• [Activity]: Exactly reproduce the lines of the listing below from the one containing "Caisse americaine master" through the one containing "Tapis rond poils". Skip the images.

━━━━━ Records for this exercise

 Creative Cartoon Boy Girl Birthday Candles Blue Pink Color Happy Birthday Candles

━━━━━━━━━━
━━━━━ Records for this exercise

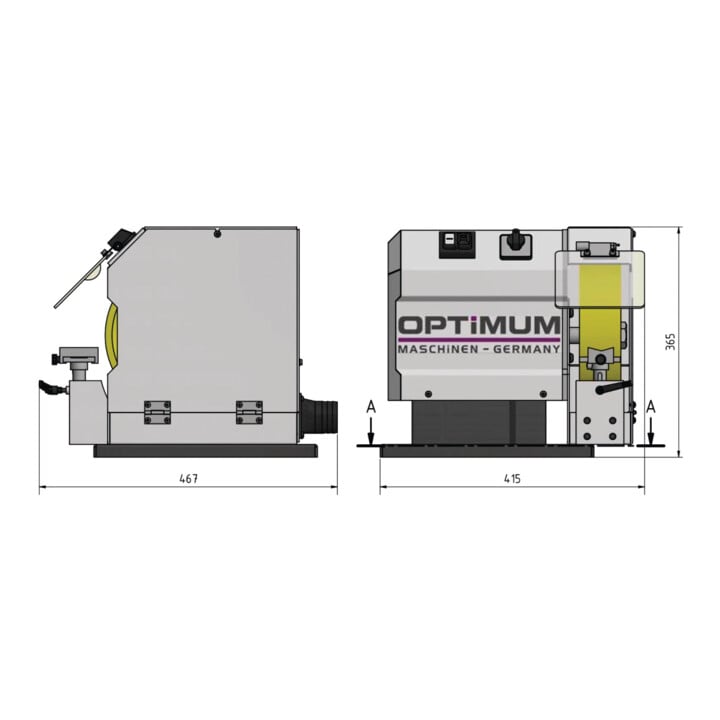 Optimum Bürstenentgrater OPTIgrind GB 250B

━━━━━━━━━━
━━━━━ Records for this exercise

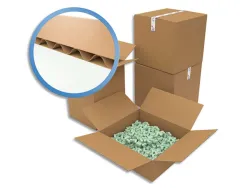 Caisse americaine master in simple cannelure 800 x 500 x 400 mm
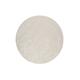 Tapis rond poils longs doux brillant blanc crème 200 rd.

━━━━━━━━━━

• [Answer space]:
 Caisse americaine master in simple cannelure 800 x 500 x 400 mm
 Tapis rond poils longs doux brillant blanc crème 200 rd.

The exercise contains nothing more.